[What is required] Output every entry exactly as it appears.

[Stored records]

--------------------------------------------------

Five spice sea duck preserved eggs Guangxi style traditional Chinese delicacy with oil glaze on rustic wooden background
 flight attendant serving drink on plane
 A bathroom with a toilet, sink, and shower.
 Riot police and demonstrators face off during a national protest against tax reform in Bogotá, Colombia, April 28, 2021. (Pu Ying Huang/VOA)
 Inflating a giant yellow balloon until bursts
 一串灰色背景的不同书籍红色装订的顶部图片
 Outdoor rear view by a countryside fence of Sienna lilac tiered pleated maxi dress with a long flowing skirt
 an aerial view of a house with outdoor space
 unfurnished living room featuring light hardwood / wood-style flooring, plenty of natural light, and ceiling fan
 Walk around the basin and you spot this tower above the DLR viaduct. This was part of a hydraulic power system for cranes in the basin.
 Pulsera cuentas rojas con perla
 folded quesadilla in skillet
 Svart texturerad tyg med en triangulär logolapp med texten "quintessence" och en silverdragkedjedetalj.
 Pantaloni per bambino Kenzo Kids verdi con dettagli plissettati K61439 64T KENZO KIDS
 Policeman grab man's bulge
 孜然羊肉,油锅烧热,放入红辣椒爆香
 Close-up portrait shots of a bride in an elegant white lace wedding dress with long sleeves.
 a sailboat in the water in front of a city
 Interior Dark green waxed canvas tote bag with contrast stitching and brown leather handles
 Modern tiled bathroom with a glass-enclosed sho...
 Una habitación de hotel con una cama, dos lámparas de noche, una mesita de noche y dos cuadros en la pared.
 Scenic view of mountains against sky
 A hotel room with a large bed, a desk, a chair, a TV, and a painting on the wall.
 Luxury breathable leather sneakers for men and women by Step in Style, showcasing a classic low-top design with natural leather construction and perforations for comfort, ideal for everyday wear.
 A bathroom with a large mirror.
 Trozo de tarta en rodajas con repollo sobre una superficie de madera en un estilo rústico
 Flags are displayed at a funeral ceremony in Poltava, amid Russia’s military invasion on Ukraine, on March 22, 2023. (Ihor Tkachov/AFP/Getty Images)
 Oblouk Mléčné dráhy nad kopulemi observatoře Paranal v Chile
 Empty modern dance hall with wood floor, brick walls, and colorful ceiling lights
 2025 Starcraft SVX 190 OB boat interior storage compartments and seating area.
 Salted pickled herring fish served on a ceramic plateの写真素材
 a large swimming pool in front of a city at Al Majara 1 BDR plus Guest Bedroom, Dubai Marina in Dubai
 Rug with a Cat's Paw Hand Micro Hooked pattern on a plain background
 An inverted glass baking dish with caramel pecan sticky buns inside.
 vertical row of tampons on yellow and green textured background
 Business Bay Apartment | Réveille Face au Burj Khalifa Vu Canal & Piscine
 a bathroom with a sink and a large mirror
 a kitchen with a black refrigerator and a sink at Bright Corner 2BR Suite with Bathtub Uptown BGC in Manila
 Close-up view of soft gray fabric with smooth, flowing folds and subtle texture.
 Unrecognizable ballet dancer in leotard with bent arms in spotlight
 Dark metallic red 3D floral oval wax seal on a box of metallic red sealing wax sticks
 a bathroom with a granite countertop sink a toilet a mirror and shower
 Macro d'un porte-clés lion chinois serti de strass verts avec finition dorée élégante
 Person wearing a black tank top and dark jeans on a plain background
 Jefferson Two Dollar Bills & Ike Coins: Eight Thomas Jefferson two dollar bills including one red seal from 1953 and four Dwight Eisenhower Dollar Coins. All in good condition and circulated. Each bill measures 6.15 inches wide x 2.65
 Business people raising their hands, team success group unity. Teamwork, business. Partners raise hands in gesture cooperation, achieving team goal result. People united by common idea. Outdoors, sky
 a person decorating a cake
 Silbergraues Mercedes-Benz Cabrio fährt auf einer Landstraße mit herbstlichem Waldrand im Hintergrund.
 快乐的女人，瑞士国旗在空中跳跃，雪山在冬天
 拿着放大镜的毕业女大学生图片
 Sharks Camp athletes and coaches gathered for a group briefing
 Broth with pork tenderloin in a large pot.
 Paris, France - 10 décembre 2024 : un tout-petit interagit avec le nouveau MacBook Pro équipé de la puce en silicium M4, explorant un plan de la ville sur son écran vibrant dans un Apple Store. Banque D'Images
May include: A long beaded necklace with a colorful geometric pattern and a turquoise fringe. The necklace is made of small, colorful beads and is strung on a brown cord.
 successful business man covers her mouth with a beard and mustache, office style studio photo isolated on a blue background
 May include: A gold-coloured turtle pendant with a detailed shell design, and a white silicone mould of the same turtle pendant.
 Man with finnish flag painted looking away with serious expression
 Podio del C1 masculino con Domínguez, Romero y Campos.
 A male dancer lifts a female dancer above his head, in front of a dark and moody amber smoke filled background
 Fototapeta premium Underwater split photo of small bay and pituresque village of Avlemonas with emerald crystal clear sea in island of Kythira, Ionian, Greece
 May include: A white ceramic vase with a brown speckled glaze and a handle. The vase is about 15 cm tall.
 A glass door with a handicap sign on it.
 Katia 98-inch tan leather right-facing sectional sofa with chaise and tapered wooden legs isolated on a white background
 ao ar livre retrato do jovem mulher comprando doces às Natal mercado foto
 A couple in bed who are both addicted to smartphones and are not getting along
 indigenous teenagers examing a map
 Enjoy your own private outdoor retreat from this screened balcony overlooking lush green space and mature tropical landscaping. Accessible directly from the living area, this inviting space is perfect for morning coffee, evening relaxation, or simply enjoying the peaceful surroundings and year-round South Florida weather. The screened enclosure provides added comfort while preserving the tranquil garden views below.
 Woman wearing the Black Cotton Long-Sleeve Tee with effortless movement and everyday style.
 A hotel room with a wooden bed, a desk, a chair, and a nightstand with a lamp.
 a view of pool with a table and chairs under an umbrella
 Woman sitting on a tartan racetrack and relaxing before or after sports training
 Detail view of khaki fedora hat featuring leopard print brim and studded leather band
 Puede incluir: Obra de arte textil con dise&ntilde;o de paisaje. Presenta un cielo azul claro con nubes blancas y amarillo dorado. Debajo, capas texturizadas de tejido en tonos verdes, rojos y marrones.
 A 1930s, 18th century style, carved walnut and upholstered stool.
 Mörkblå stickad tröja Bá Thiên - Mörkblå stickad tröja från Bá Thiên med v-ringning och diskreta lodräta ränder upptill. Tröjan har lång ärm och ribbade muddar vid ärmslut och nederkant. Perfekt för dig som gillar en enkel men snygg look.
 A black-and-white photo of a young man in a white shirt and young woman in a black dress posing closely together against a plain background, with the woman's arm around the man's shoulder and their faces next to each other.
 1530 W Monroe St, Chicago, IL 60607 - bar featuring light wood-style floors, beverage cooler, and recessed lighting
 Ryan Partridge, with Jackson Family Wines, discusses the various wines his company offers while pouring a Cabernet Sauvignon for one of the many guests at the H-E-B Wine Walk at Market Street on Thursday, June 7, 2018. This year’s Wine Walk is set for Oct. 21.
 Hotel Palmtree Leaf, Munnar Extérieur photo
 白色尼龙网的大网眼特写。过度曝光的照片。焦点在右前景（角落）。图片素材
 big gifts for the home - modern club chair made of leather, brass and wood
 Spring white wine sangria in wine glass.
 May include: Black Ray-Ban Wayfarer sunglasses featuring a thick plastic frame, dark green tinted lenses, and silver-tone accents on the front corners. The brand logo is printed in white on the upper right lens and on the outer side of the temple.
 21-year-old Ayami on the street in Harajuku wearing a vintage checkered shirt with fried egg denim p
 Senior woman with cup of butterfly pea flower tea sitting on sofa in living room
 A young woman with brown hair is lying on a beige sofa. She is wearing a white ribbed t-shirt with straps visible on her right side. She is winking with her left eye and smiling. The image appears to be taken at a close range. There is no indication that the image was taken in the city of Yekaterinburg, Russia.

--------------------------------------------------

[Result below]
Five spice sea duck preserved eggs Guangxi style traditional Chinese delicacy with oil glaze on rustic wooden background
 flight attendant serving drink on plane
 A bathroom with a toilet, sink, and shower.
 Riot police and demonstrators face off during a national protest against tax reform in Bogotá, Colombia, April 28, 2021. (Pu Ying Huang/VOA)
 Inflating a giant yellow balloon until bursts
 一串灰色背景的不同书籍红色装订的顶部图片
 Outdoor rear view by a countryside fence of Sienna lilac tiered pleated maxi dress with a long flowing skirt
 an aerial view of a house with outdoor space
 unfurnished living room featuring light hardwood / wood-style flooring, plenty of natural light, and ceiling fan
 Walk around the basin and you spot this tower above the DLR viaduct. This was part of a hydraulic power system for cranes in the basin.
 Pulsera cuentas rojas con perla
 folded quesadilla in skillet
 Svart texturerad tyg med en triangulär logolapp med texten "quintessence" och en silverdragkedjedetalj.
 Pantaloni per bambino Kenzo Kids verdi con dettagli plissettati K61439 64T KENZO KIDS
 Policeman grab man's bulge
 孜然羊肉,油锅烧热,放入红辣椒爆香
 Close-up portrait shots of a bride in an elegant white lace wedding dress with long sleeves.
 a sailboat in the water in front of a city
 Interior Dark green waxed canvas tote bag with contrast stitching and brown leather handles
 Modern tiled bathroom with a glass-enclosed sho...
 Una habitación de hotel con una cama, dos lámparas de noche, una mesita de noche y dos cuadros en la pared.
 Scenic view of mountains against sky
 A hotel room with a large bed, a desk, a chair, a TV, and a painting on the wall.
 Luxury breathable leather sneakers for men and women by Step in Style, showcasing a classic low-top design with natural leather construction and perforations for comfort, ideal for everyday wear.
 A bathroom with a large mirror.
 Trozo de tarta en rodajas con repollo sobre una superficie de madera en un estilo rústico
 Flags are displayed at a funeral ceremony in Poltava, amid Russia’s military invasion on Ukraine, on March 22, 2023. (Ihor Tkachov/AFP/Getty Images)
 Oblouk Mléčné dráhy nad kopulemi observatoře Paranal v Chile
 Empty modern dance hall with wood floor, brick walls, and colorful ceiling lights
 2025 Starcraft SVX 190 OB boat interior storage compartments and seating area.
 Salted pickled herring fish served on a ceramic plateの写真素材
 a large swimming pool in front of a city at Al Majara 1 BDR plus Guest Bedroom, Dubai Marina in Dubai
 Rug with a Cat's Paw Hand Micro Hooked pattern on a plain background
 An inverted glass baking dish with caramel pecan sticky buns inside.
 vertical row of tampons on yellow and green textured background
 Business Bay Apartment | Réveille Face au Burj Khalifa Vu Canal & Piscine
 a bathroom with a sink and a large mirror
 a kitchen with a black refrigerator and a sink at Bright Corner 2BR Suite with Bathtub Uptown BGC in Manila
 Close-up view of soft gray fabric with smooth, flowing folds and subtle texture.
 Unrecognizable ballet dancer in leotard with bent arms in spotlight
 Dark metallic red 3D floral oval wax seal on a box of metallic red sealing wax sticks
 a bathroom with a granite countertop sink a toilet a mirror and shower
 Macro d'un porte-clés lion chinois serti de strass verts avec finition dorée élégante
 Person wearing a black tank top and dark jeans on a plain background
 Jefferson Two Dollar Bills & Ike Coins: Eight Thomas Jefferson two dollar bills including one red seal from 1953 and four Dwight Eisenhower Dollar Coins. All in good condition and circulated. Each bill measures 6.15 inches wide x 2.65
 Business people raising their hands, team success group unity. Teamwork, business. Partners raise hands in gesture cooperation, achieving team goal result. People united by common idea. Outdoors, sky
 a person decorating a cake
 Silbergraues Mercedes-Benz Cabrio fährt auf einer Landstraße mit herbstlichem Waldrand im Hintergrund.
 快乐的女人，瑞士国旗在空中跳跃，雪山在冬天
 拿着放大镜的毕业女大学生图片
 Sharks Camp athletes and coaches gathered for a group briefing
 Broth with pork tenderloin in a large pot.
 Paris, France - 10 décembre 2024 : un tout-petit interagit avec le nouveau MacBook Pro équipé de la puce en silicium M4, explorant un plan de la ville sur son écran vibrant dans un Apple Store. Banque D'Images
May include: A long beaded necklace with a colorful geometric pattern and a turquoise fringe. The necklace is made of small, colorful beads and is strung on a brown cord.
 successful business man covers her mouth with a beard and mustache, office style studio photo isolated on a blue background
 May include: A gold-coloured turtle pendant with a detailed shell design, and a white silicone mould of the same turtle pendant.
 Man with finnish flag painted looking away with serious expression
 Podio del C1 masculino con Domínguez, Romero y Campos.
 A male dancer lifts a female dancer above his head, in front of a dark and moody amber smoke filled background
 Fototapeta premium Underwater split photo of small bay and pituresque village of Avlemonas with emerald crystal clear sea in island of Kythira, Ionian, Greece
 May include: A white ceramic vase with a brown speckled glaze and a handle. The vase is about 15 cm tall.
 A glass door with a handicap sign on it.
 Katia 98-inch tan leather right-facing sectional sofa with chaise and tapered wooden legs isolated on a white background
 ao ar livre retrato do jovem mulher comprando doces às Natal mercado foto
 A couple in bed who are both addicted to smartphones and are not getting along
 indigenous teenagers examing a map
 Enjoy your own private outdoor retreat from this screened balcony overlooking lush green space and mature tropical landscaping. Accessible directly from the living area, this inviting space is perfect for morning coffee, evening relaxation, or simply enjoying the peaceful surroundings and year-round South Florida weather. The screened enclosure provides added comfort while preserving the tranquil garden views below.
 Woman wearing the Black Cotton Long-Sleeve Tee with effortless movement and everyday style.
 A hotel room with a wooden bed, a desk, a chair, and a nightstand with a lamp.
 a view of pool with a table and chairs under an umbrella
 Woman sitting on a tartan racetrack and relaxing before or after sports training
 Detail view of khaki fedora hat featuring leopard print brim and studded leather band
 Puede incluir: Obra de arte textil con dise&ntilde;o de paisaje. Presenta un cielo azul claro con nubes blancas y amarillo dorado. Debajo, capas texturizadas de tejido en tonos verdes, rojos y marrones.
 A 1930s, 18th century style, carved walnut and upholstered stool.
 Mörkblå stickad tröja Bá Thiên - Mörkblå stickad tröja från Bá Thiên med v-ringning och diskreta lodräta ränder upptill. Tröjan har lång ärm och ribbade muddar vid ärmslut och nederkant. Perfekt för dig som gillar en enkel men snygg look.
 A black-and-white photo of a young man in a white shirt and young woman in a black dress posing closely together against a plain background, with the woman's arm around the man's shoulder and their faces next to each other.
 1530 W Monroe St, Chicago, IL 60607 - bar featuring light wood-style floors, beverage cooler, and recessed lighting
 Ryan Partridge, with Jackson Family Wines, discusses the various wines his company offers while pouring a Cabernet Sauvignon for one of the many guests at the H-E-B Wine Walk at Market Street on Thursday, June 7, 2018. This year’s Wine Walk is set for Oct. 21.
 Hotel Palmtree Leaf, Munnar Extérieur photo
 白色尼龙网的大网眼特写。过度曝光的照片。焦点在右前景（角落）。图片素材
 big gifts for the home - modern club chair made of leather, brass and wood
 Spring white wine sangria in wine glass.
 May include: Black Ray-Ban Wayfarer sunglasses featuring a thick plastic frame, dark green tinted lenses, and silver-tone accents on the front corners. The brand logo is printed in white on the upper right lens and on the outer side of the temple.
 21-year-old Ayami on the street in Harajuku wearing a vintage checkered shirt with fried egg denim p
 Senior woman with cup of butterfly pea flower tea sitting on sofa in living room
 A young woman with brown hair is lying on a beige sofa. She is wearing a white ribbed t-shirt with straps visible on her right side. She is winking with her left eye and smiling. The image appears to be taken at a close range. There is no indication that the image was taken in the city of Yekaterinburg, Russia.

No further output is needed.